On the eve of National Signing Day for college football prospects, this story is almost too off-the-wall to believe.
Think of the strangest recruiting story you can remember. Got it? It’s about to get topped. Here’s the story, courtesy of Sports Illustrated…it’s one for the ages.
Kevin Hart, a 6-foot-5, 290-pound offensive lineman from Fernley (Nev.), held a press conference this past Friday at Fernley High to announce where he intended to play college football. The local newspaper covered it. So did local television stations. It came down to a tough choice between Oregon and Cal, Hart told reporters, but in the end, he had decided he would sign with the Bears on Wednesday. It was a big moment; no athlete at the school had gone to a Division I school directly from high school, according to the Reno (Nev.) Gazette-Journal.
"[Cal] coach [Jeff] Tedford and I talked a lot, and the fact that the head coach did most of the recruiting of me kind of gave me that real personal experience," Hart told reporters at the press conference.
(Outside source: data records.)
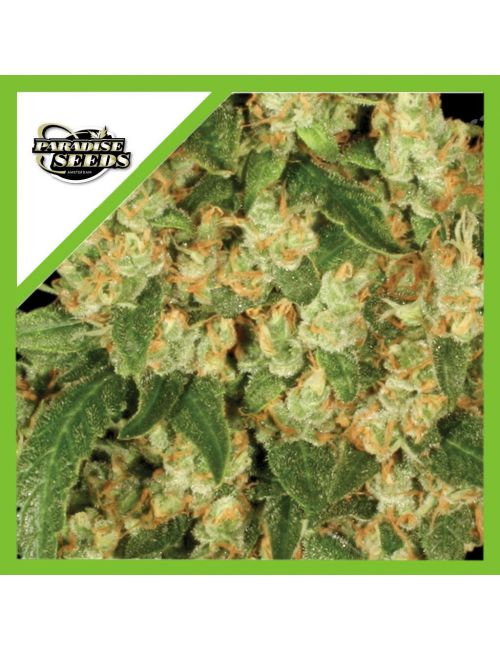WAPPA AUTO X3-PARADISE SEEDS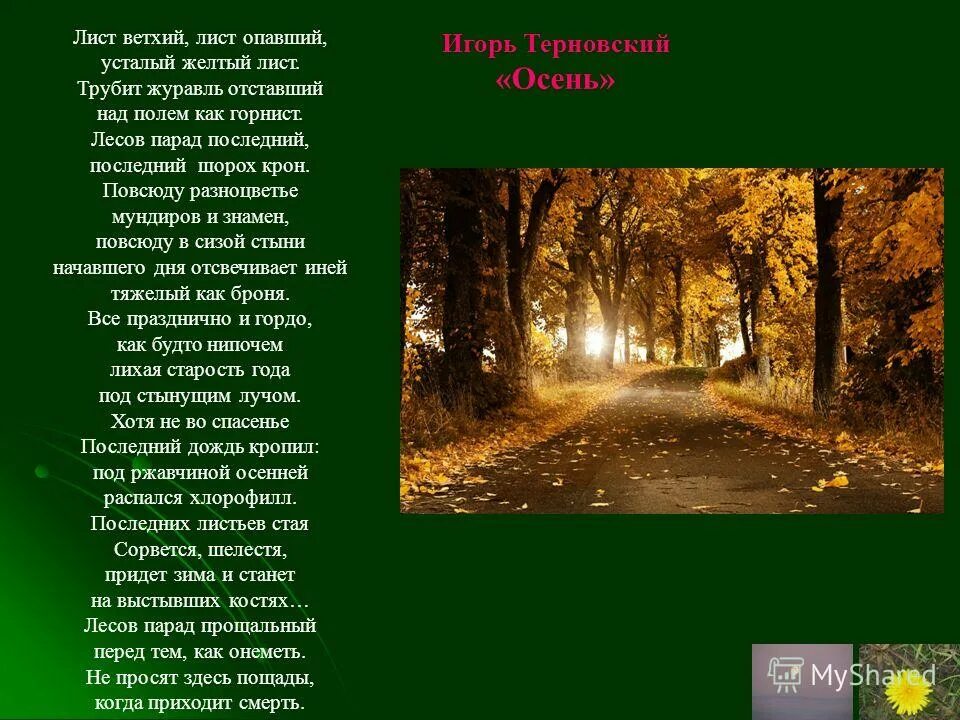 И близкий шорох свежего листа. Шорох свежего листа. шорох свежего листьев йё.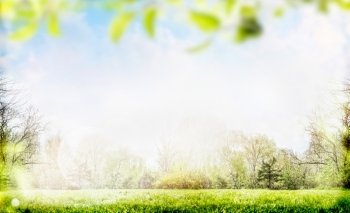 Spring or summer nature background with foliage,trees and lawn in garden or park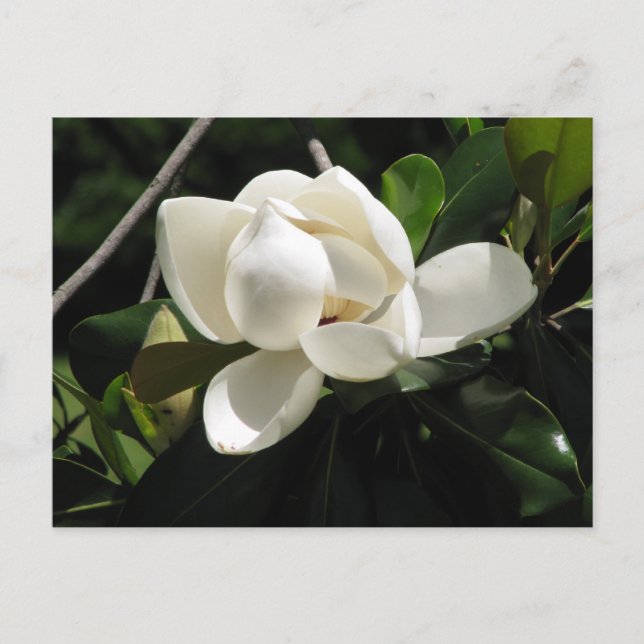 SüdMagnolien Postkarte (Vorderseite)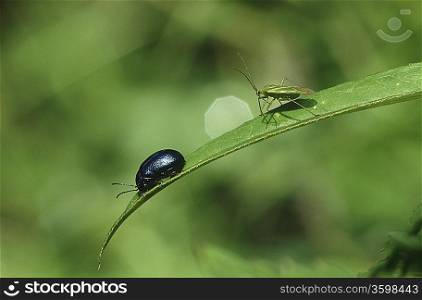Two insects on blade of grass, close-up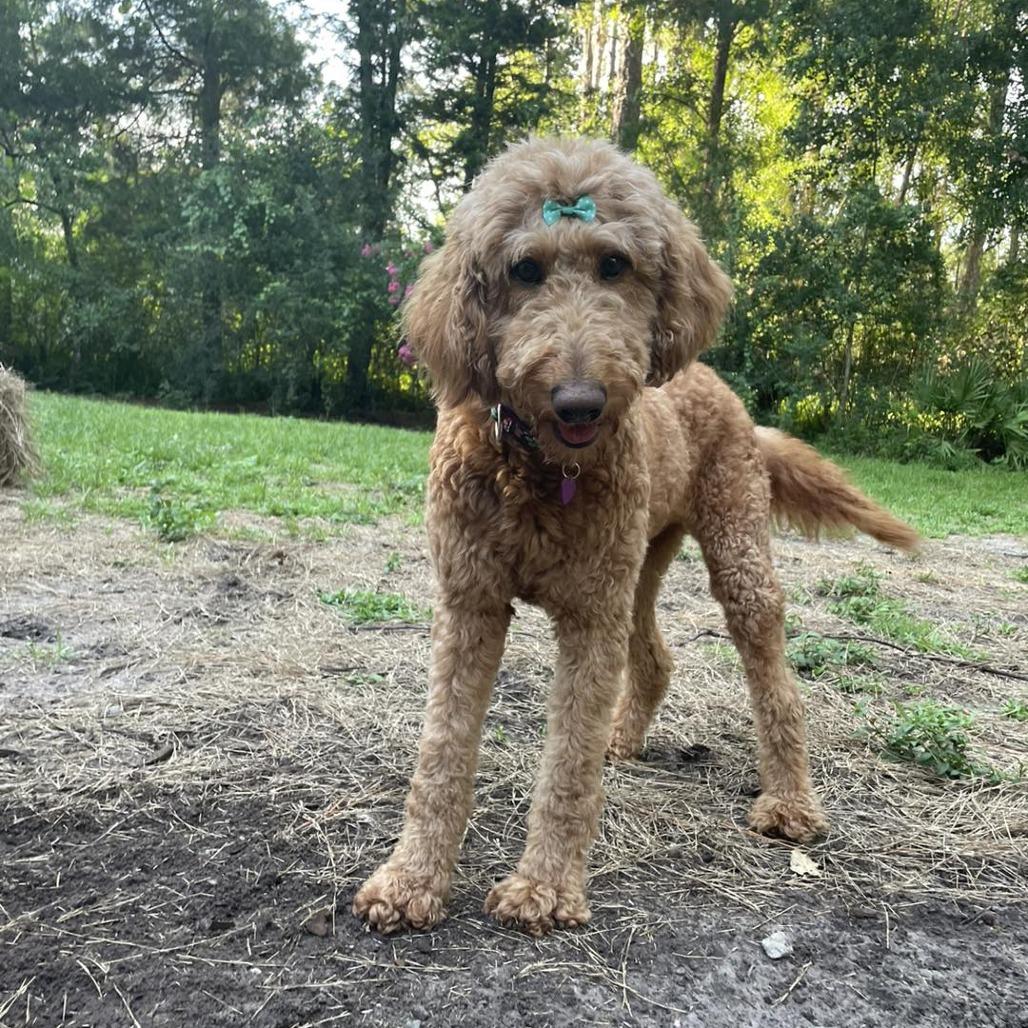 Quinn, a Adoptable mixed breed in Sarasota, FL image 6/6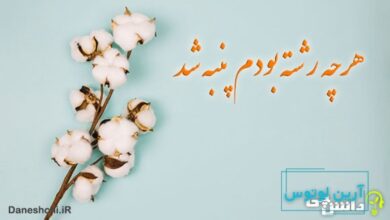 ضرب المثل هرچه رشته بودم پنبه شد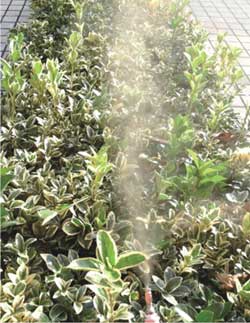 旋流噴嘴噴霧現(xiàn)場圖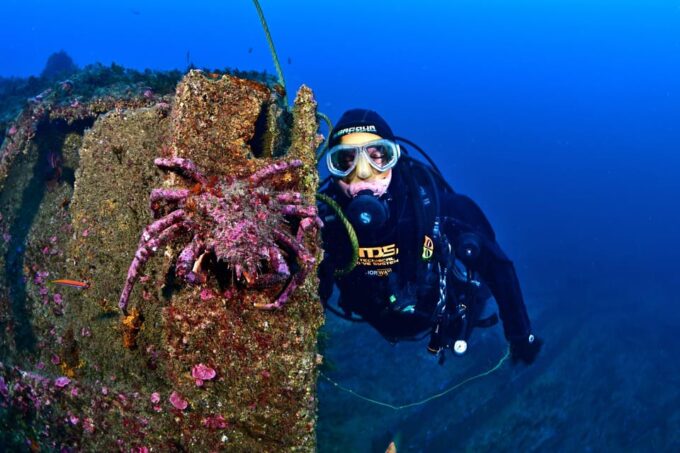 Sesimbra: Scuba Diving Experience for Beginners - Booking and Scheduling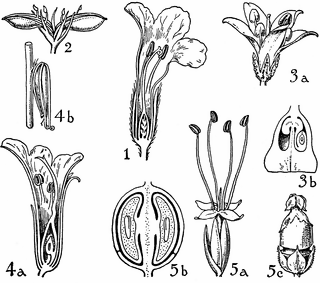 Orders of Acanthaceae, Myoporaceae, Phrymaceae, and Plantaginaceae.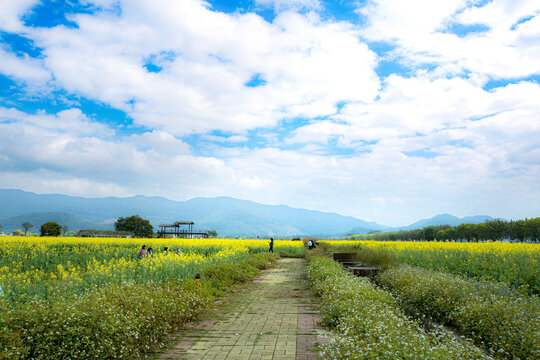 油菜花开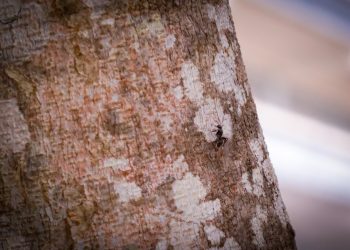 Foto: Ayrton Lopes/Fapeam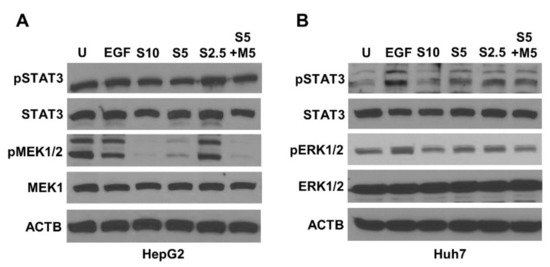 Metformin Enhances the Anti-Cancer Efficacy of Sorafenib via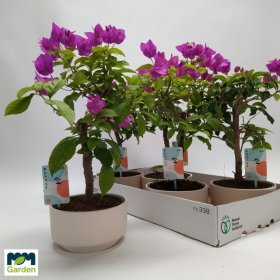 Kambarinis augalas, bugenvilija (bonsai), vazonėlio skersmuo 18 cm.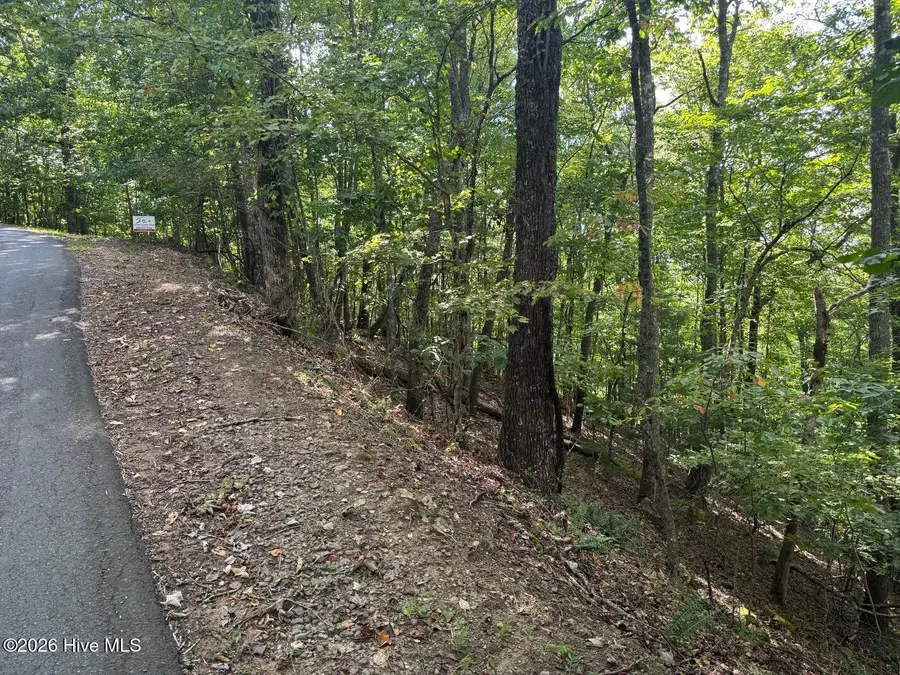 18 Mason Way, Murphy, NC 28906 - #3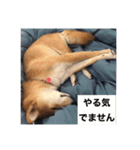 あずきスタンプ ろく！（個別スタンプ：13）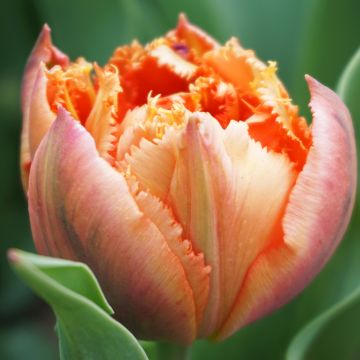 Tulipán dentado Royal Centennial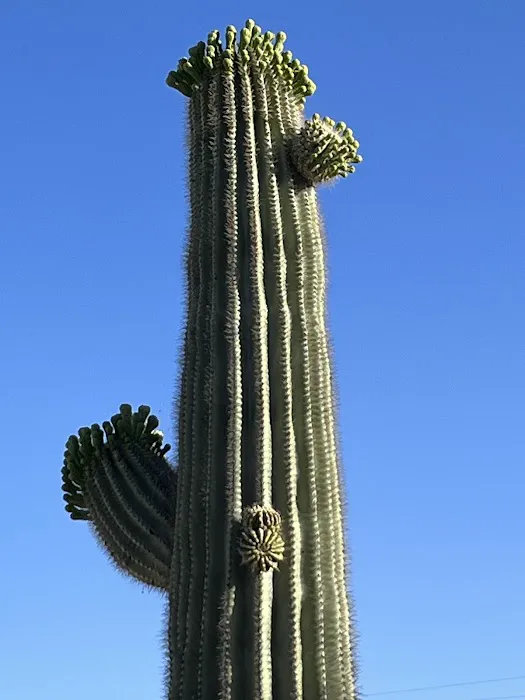 Wishing Well Trailer Court/Wishing Well RV Park Picture 2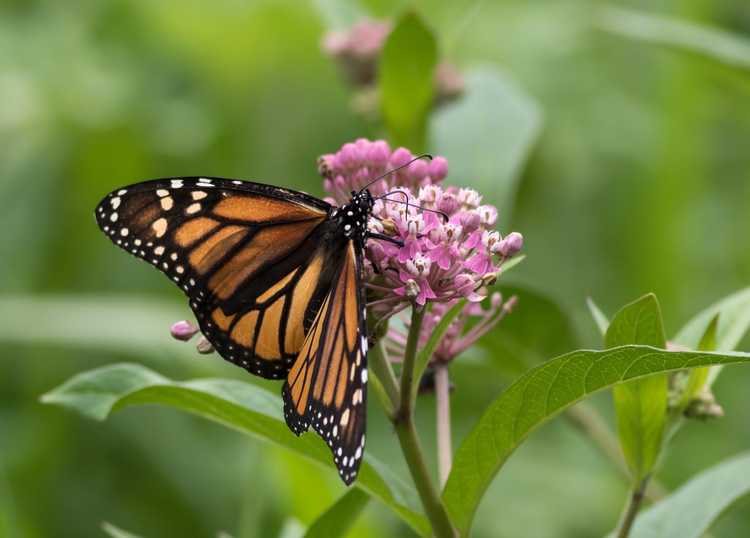 You are currently viewing Variétés de plantes d'asclépiade – Cultiver différentes plantes d'asclépiade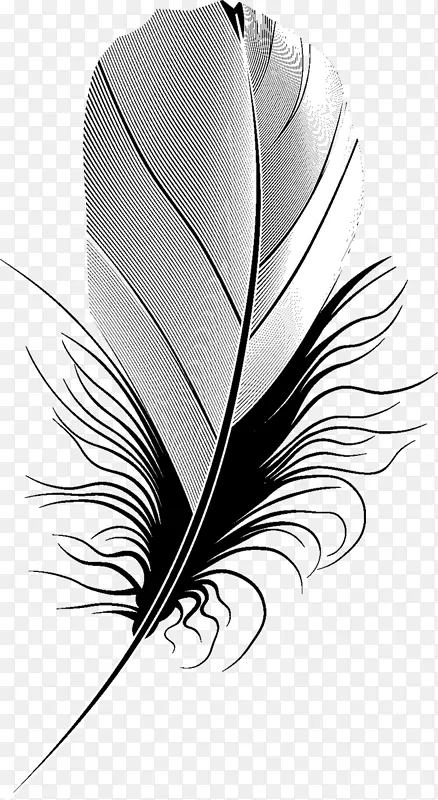 羽毛png图片图像羽毛轮廓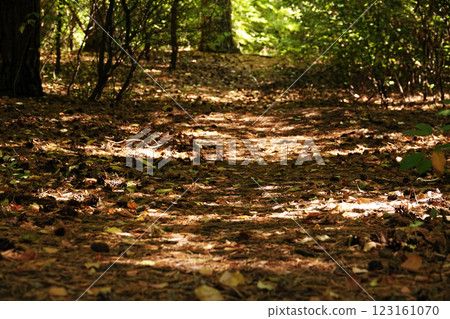 Well-trodden path in the summer forest 123161070
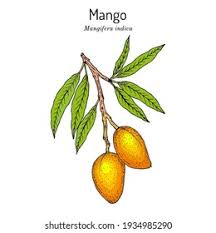 Image result for Mangifera indica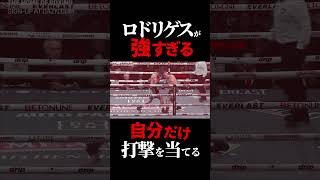 レジェンドを圧倒するロドリゲスが強すぎる　 #boxing #ボクシング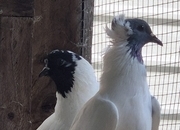 Fancy Pigeons Various Breeds Available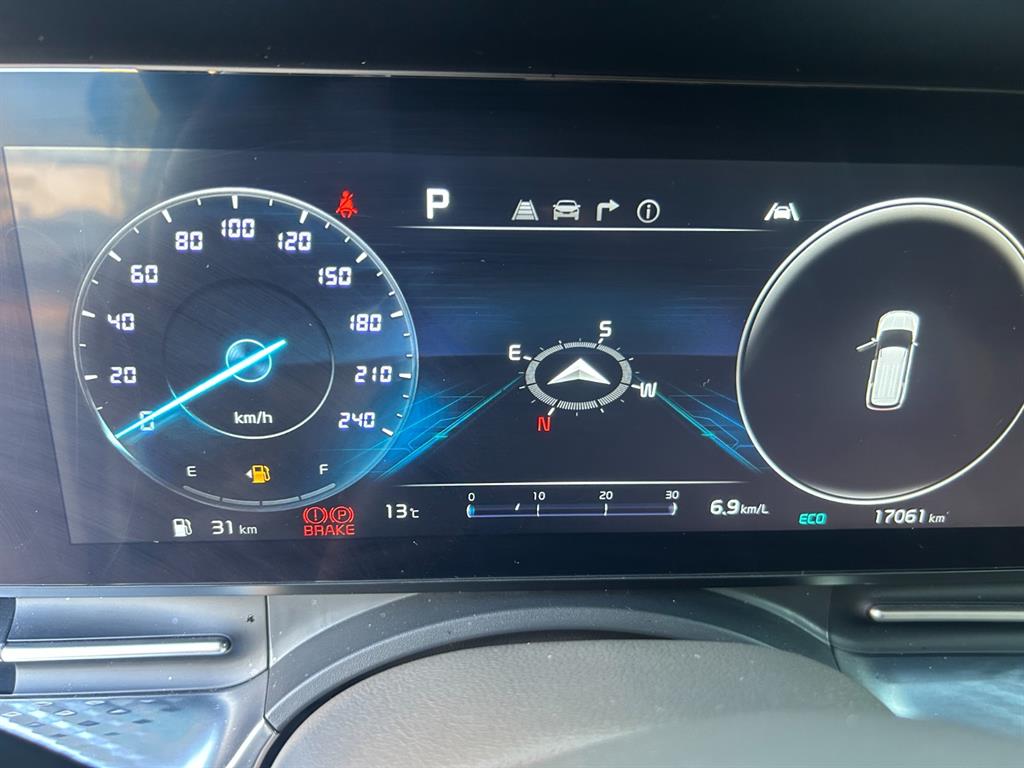 KIA Carnival - Vista 9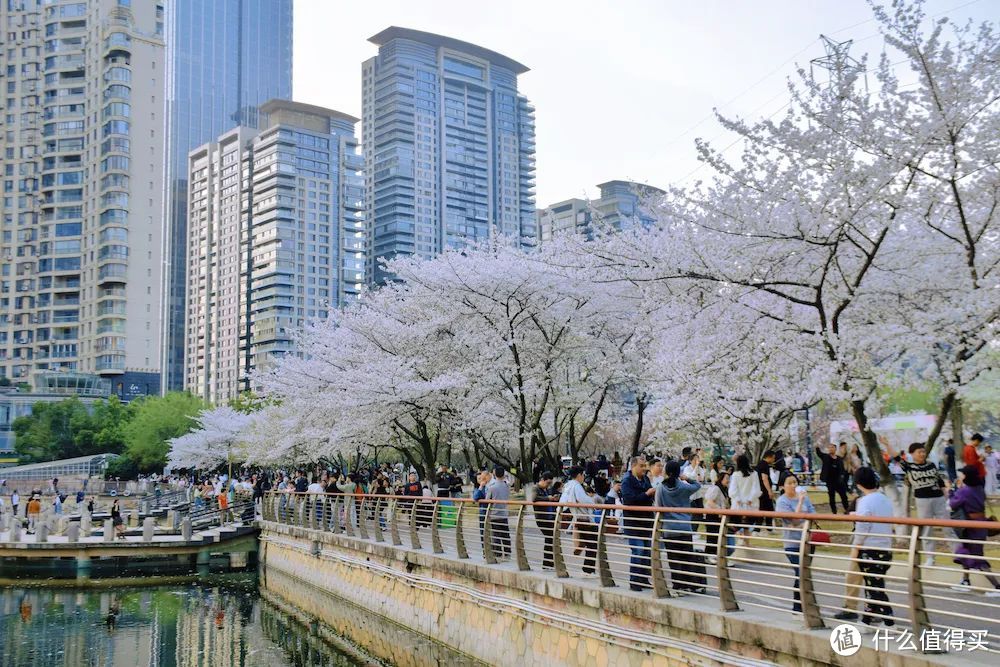 她就是春天最浪漫城市，不接受反驳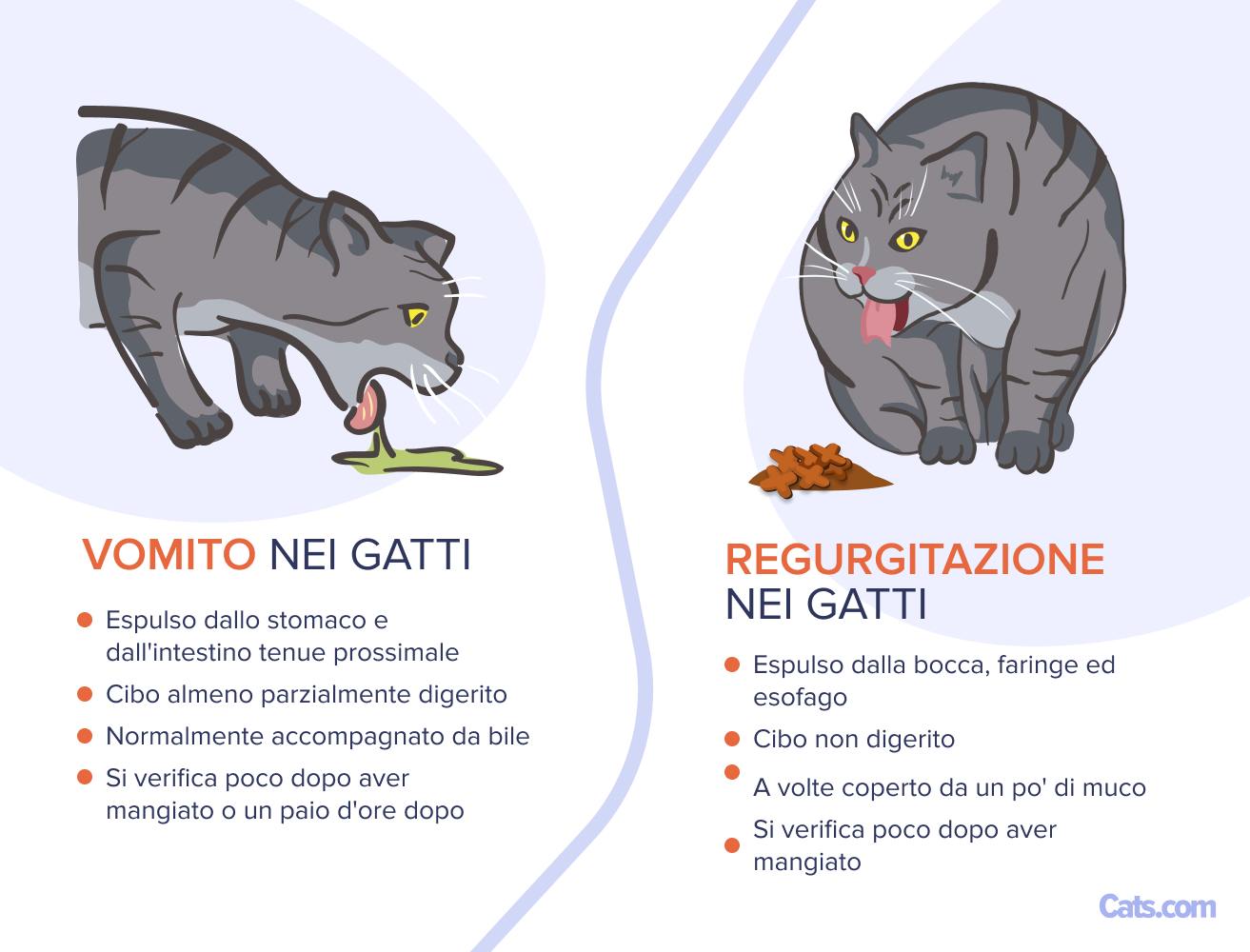 Rigurgito vs. vomito del gatto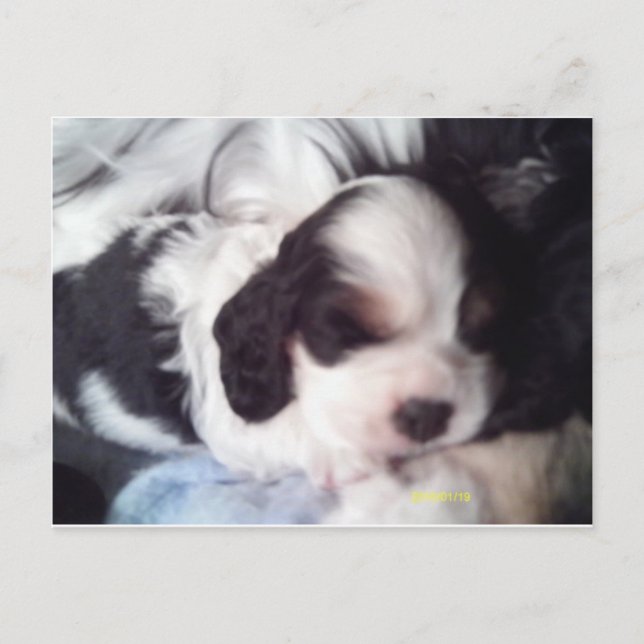 Carte Postale Tri coloré cocker spaniel chiot (Devant)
Several hours later, BearTerritory.net, a recruiting site that covers Cal sports, reported that no scholarship had been offered and that no one on the Cal coaching staff had been in contact with Hart or Fernley coach Mark Hodges. According to the Gazette-Journal, school officials spent part of the weekend trying to discern exactly how Hart came to believe he had scholarship offers to Oregon and Cal. The NCAA was called, Nevada Interscholastic Athletics Association executive director Eddie Bonine said. Hart, reached Monday by Sports Illustrated, declined comment. So did Hodges, citing an ongoing investigation. No one from Cal or Oregon can comment on Hart because NCAA rules forbid employees of member schools from commenting publicly about recruitable athletes.
Is it possible someone pulled off an elaborate hoax and made Hart believe he was being recruited when he wasn’t? It’s easy to guess that Hart invented his recruitment, but if he did, why would he hold a press conference and risk the potential embarrassment of being exposed? That part doesn’t make sense.
A little easier to understand is how a player and a family might not have understood how the recruiting process works. A player offered a scholarship would have received volumes of mail from the school. He also would have received a visit from an assistant coach and probably the head coach. School officials would have ensured the player sent his transcript and test scores to the NCAA Clearinghouse for examination. These things are obvious to those who follow college football passionately, but not necessarily to those who don’t.
If it was a hoax or practical joke, Hart may not have legal recourse. Lyon County Sheriff’s Department Capt. Tom VanDalinda arrived at work Monday with a stack of messages from reporters asking about his department’s investigation into the case. VanDalinda said he could find no incident report concerning the case, and even if the department found someone had impersonated a coach, VanDalinda said he isn’t sure there is a crime on the books with which to charge the offending party.
"I can’t see how we would be involved, because I don’t know what crime would have been committed," VanDalinda said. "Either someone is impersonating a recruiter or a fantastic story has been told."